▼
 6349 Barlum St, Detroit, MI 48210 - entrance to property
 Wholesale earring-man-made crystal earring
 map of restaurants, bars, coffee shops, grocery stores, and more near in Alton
▲
▼
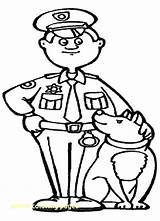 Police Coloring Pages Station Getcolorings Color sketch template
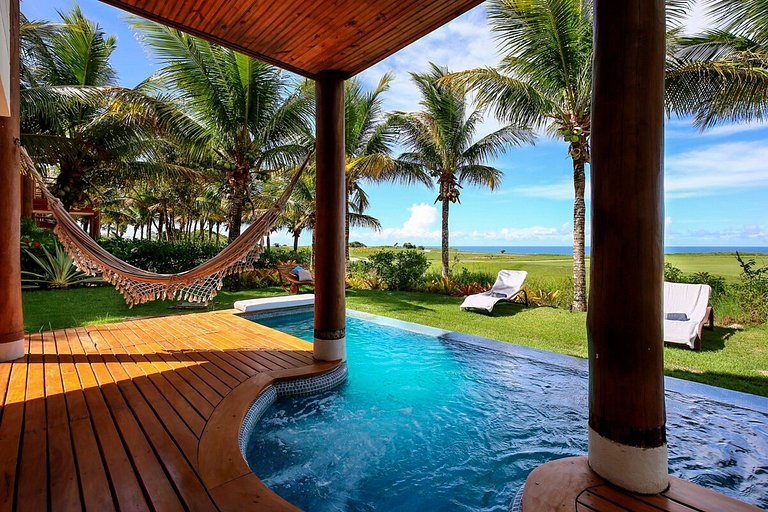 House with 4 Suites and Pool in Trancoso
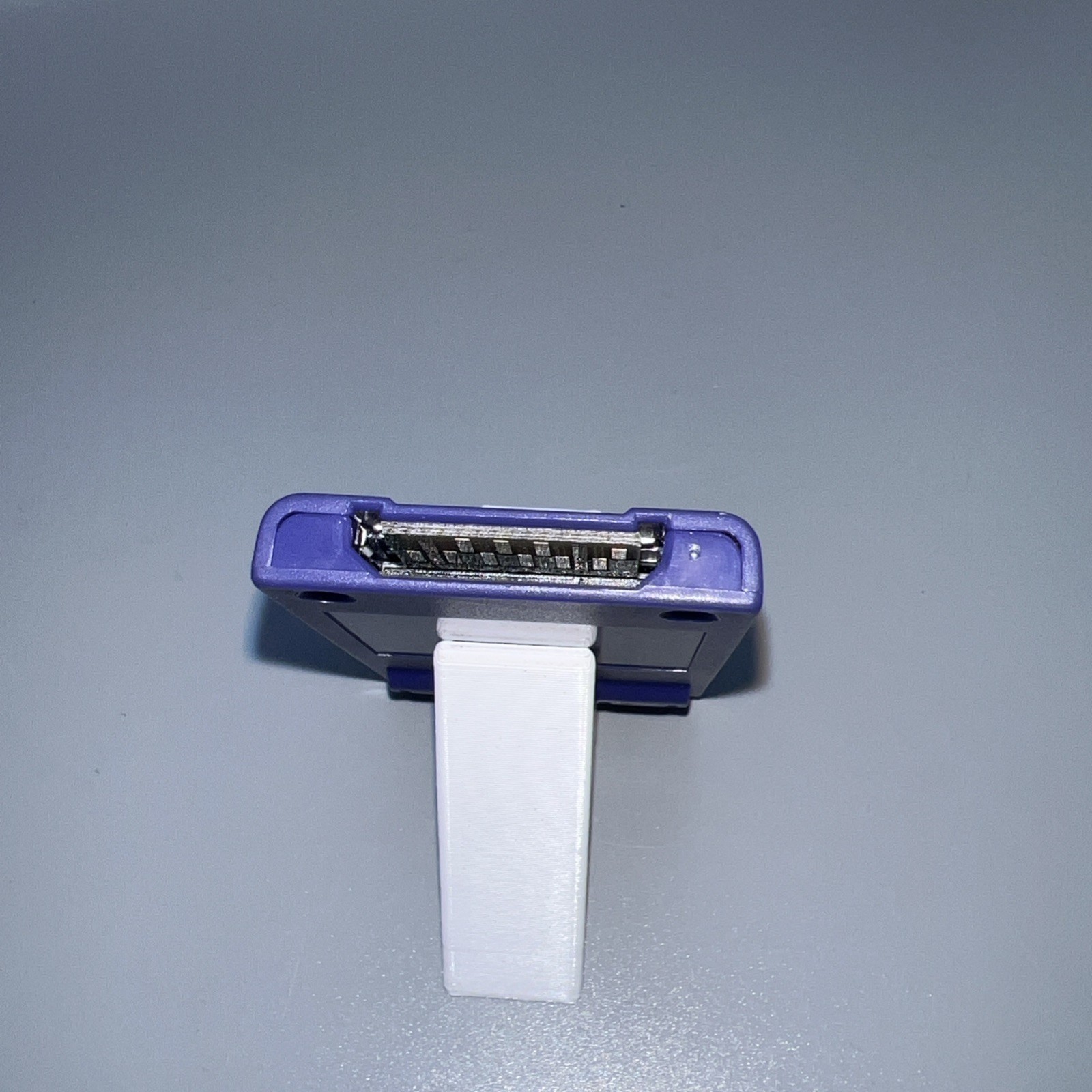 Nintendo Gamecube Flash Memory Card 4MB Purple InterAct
▲
**ABOUT THIS EXERCISE:** Would you output only the span of the records above that opens with the line containing "House with 4 Suites and Pool in Trancoso" and closes with the line containing "Nintendo Gamecube Flash", ends included and pictures dropped?

**EXPECTED OUTPUT:**
 House with 4 Suites and Pool in Trancoso
 Nintendo Gamecube Flash Memory Card 4MB Purple InterAct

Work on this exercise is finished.